В Японии получили распространение две тенденции буддийской мысли, указывавшие два пути спасения сущности человека. Первая предполагала личностную самореализацию посредством вовлечённости индивидуума в социальную жизнь и подчинения всех его интересов интересам общества. Вторая, напротив, призывала к бегству от социальных уз как неистинных и культивировала идеал отшельничества.
Первая тенденция была оформлена в трудах монаха Сайтё (757–822), основателя школы Тэндай (Тяньтай), и послужила фундаментом учения средневекового реформатора буддизма Нитирэна (1222–1282).[460] В данном случае в качестве условия индивидуального спасения человека предлагается и спасение других людей, а также всего социоприродного Универсума.
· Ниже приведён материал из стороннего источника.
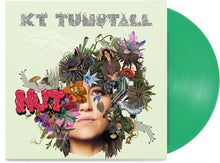 KT Tunstall - Nut [Import Limited Edition Green LP] Vinyl Record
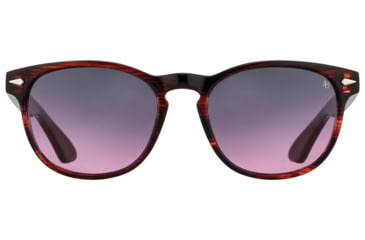Image of AO AO-1004 Sunglasses, Cardinal, SunVogue Pink Gradient AOLite Nylon Lenses, 51-18-145 B42, 004351ST--PGN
Не только отдельный индивидуум, но и общество в целом и природа считаются воплощениями «тела Будды». Такое «освящение» природы и общества приводит к заинтересованному отношению к ним со стороны человека, который оказывается «причастным» миру. Это подразумевает активную общественную деятельность буддиста. Ввиду того, что три «объекта спасения» – антропологический, социальный, экологический – взаимосвязаны, буддист должен воспринимать как беду не только свои личные неурядицы, но и любые природные и социальные катаклизмы. Иными словами, буддизм в данном случае выступает как учение, ориентированное на гармонию человека и с природой, и с обществом.
Суть второй тенденции состоит в признании индивидуального пути спасения: освобождение достигается лишь посредством обособления усилий собственного духа, каждый идёт к истине своим путём. Отсюда крайние формы индивидуализма, например, в дзэн-буддизме, который начал распространяться в Японии с XIII в., придя из Китая.[461] Но и в дзэн-буддизме, несмотря на настойчивое культивирование индивидуального пути спасения, человек рассматривается как органическая часть универсума; ратуя за освобождение индивида от пут социальной жизни, дзэн-буддизм всячески подчёркивает неотделимость человека от природы.